Mar 312020
 

Whenever we write applications or services, we generally include some form of health check that we can easily (and regularly) poll to make sure everything is still up and running. That health check likely confirms that your code has access to everything it needs to function correctly. Well, generally that’s “everything it needs that its developers can control.” Rarely does our health check include external dependencies, even though almost all released software has dependencies that are outside the control of its authors. So, how do you tell when the external systems you rely on to work, don’t?

It’s a best practice for health checks to check all the dependencies are part of your service in order to ensure that not only is your service reachable, but that its dependencies are reachable (by it). Things like ensuring your database connection is still open, or you can still get data from any event streams you may be listening to, just to name a couple of examples. You get the idea – check all the parts you deploy as part of your health check. It’s earned its reputation as a best practice – for small, self-contained services. But if your software is doing anything that’s useful to customers, it’s going to have to talk to external services outside your control. The problem comes when those services go down. You’re not monitoring them, but their errors are still propagating to you.

OK, really the problem comes when your code is impacted by that other service being down. Historically, the solution to this has been to practice defensive programming and to “handle” external dependencies being, well, undependable. You still should, it’s a good way to react to external dependencies failing. It’s just that the problem with this reacting is that it’s all you’re doing. Wouldn’t it be nice to have known that your external dependency was having problems before your users exposed it, namely by your application showing an error message because of a problem somewhere else? Of course, to do that, you’d have to be monitoring external applications and services that you can’t even control.

The issue with monitoring services you can’t actually control, is that you can’t do anything about the root cause of your problem, namely the service you don’t control is having a problem. But what you can do is be proactive in dealing with the issue. OK, thinking about that, “be proactive” may not be the best phrase, more like “react assertively,” which is still pretty good. What does “react assertively” mean anyways? Well, that one’s really context-specific. Is this a service that helps auto-fill some form data (like filling in city and state when a user provides a zip code)? Well, you can just skip trying to auto-fill. Is it a service that you use for processing user-submitted data? You can probably save that to your database and process it offline when the service in question is back up? Is it something that you’d stop and wait to get a response from so you can forward it to a user? The best thing to do there may be to just disable that bit (if you can) until you see that it’s come back up.
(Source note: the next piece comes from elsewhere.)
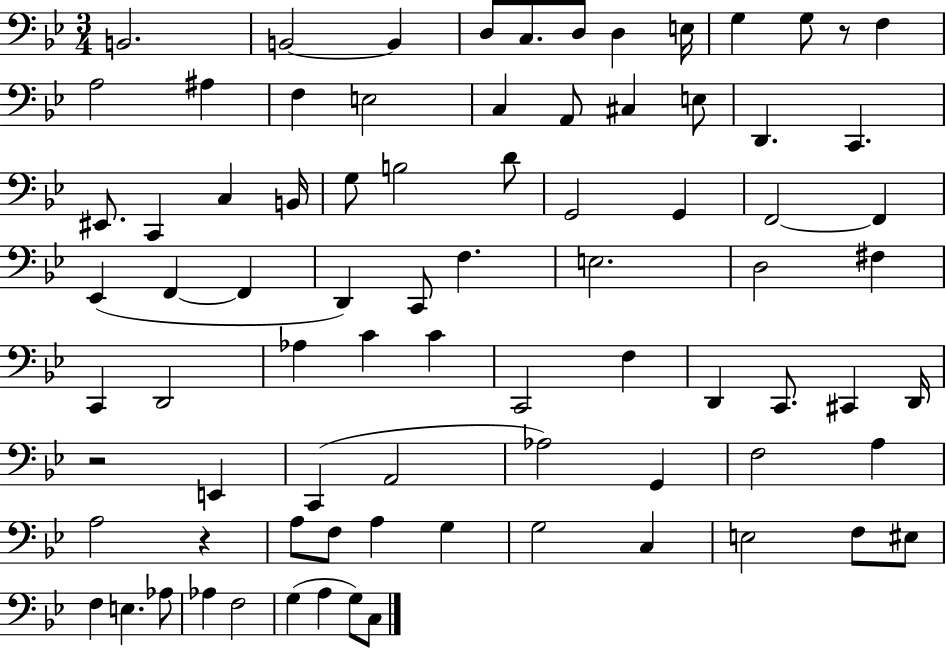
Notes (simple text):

Architecting a way to monitor external dependencies is tricky. The first problem is figuring out a way to health check a service you don’t control. That’s likely the easiest part – the worst-case scenario is that you can always just call the service in question. If you have multiple applications or services that use this dependency, you don’t want them all checking on its health, between all the services that rely on the external dependency health-checking and actually using it, you’ll effectively DDOS the service you’re trying to monitor, thus putting it into an unhealthy state. Doing this’s right means that you’re going to have to write a whole new service to do this job (so I hope you’re a fan of microservices, because you’re about to have a new one).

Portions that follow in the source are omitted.